→ WORK REQUEST
Your output should be the entries below, exact in every detail.

(SUPPLIED ENTRIES)

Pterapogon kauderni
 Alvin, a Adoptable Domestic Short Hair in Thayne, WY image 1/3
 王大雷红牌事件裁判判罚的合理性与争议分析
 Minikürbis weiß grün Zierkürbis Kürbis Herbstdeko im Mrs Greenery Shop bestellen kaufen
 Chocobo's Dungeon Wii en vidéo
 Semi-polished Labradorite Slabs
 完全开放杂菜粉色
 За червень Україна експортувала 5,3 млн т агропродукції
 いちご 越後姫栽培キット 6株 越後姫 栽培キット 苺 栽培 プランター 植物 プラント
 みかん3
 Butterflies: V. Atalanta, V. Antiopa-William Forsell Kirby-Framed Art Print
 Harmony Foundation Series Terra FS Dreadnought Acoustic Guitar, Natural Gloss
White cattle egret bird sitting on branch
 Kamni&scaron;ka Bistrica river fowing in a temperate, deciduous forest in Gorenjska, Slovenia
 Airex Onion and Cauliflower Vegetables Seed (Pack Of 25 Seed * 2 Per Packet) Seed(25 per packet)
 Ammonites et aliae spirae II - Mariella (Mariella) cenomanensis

(End SUPPLIED ENTRIES)

→ ANSWER SECTION
Pterapogon kauderni
 Alvin, a Adoptable Domestic Short Hair in Thayne, WY image 1/3
 王大雷红牌事件裁判判罚的合理性与争议分析
 Minikürbis weiß grün Zierkürbis Kürbis Herbstdeko im Mrs Greenery Shop bestellen kaufen
 Chocobo's Dungeon Wii en vidéo
 Semi-polished Labradorite Slabs
 完全开放杂菜粉色
 За червень Україна експортувала 5,3 млн т агропродукції
 いちご 越後姫栽培キット 6株 越後姫 栽培キット 苺 栽培 プランター 植物 プラント
 みかん3
 Butterflies: V. Atalanta, V. Antiopa-William Forsell Kirby-Framed Art Print
 Harmony Foundation Series Terra FS Dreadnought Acoustic Guitar, Natural Gloss
White cattle egret bird sitting on branch
 Kamni&scaron;ka Bistrica river fowing in a temperate, deciduous forest in Gorenjska, Slovenia
 Airex Onion and Cauliflower Vegetables Seed (Pack Of 25 Seed * 2 Per Packet) Seed(25 per packet)
 Ammonites et aliae spirae II - Mariella (Mariella) cenomanensis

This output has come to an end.